Investing—like any profession—has a group of people who seem to do it far better than most. One of the best ways to improve is to not only study the methodology of these individuals, but also to pay attention to their current investment decisions, as those decisions are likely informed by the same methodology that drove strong performance in the past.
This is why when billionaire founder of Bridgewater Associates Ray Dalio initiated a position in Enbridge Inc. (TSX:ENB)(NYSE:ENB), it is very important to take note.
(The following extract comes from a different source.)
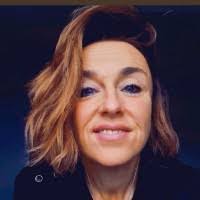 Amy Cannata's Instagram, Twitter & Facebook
With $169 billion in assets under management, Bridgewater is the world’s largest hedge fund, and is one of the few funds to perform positively in 2008-09. Over the past five years, its popular Pure Alpha fund generated a 14.7% average annualized return, outperforming the S&P 500.
How much of Enbridge did Dalio buy? Dalio started by purchasing $11.8 million in Enbridge shares in Q2 2015—his third-largest purchase during the quarter. This is significant, given the fact that 110 new stocks were purchased in total during the quarter. In total, Enbridge is now Bridgewater’s 41st-largest holding out of 307 stocks. Here are some possible reasons why Dalio decided to buy Enbridge now.
Enbridge has very predictable double-digit earnings growth
While it is never easy to determine the exact motivations behind an investor’s decisions, Enbridge’s strong and extremely predictable growth profile is almost certain to factor in. While earnings growth ultimately determines a stock’s value, the predictability of the growth is key because it allows the investor to say with confidence whether or not a stock is reasonably valued.
Through 2018, Enbridge expects to grow its earnings by 10-12% annually. In addition, Enbridge just released a new measure of cash flow growth called “adjusted cash flow from operations” (ACFFO). This measure looks specifically at how much cash the company is generating (as opposed to earnings, which includes many non-cash items), and subtracts maintenance capital to create a good idea of much cash is left over to pay dividends or fund its growth program.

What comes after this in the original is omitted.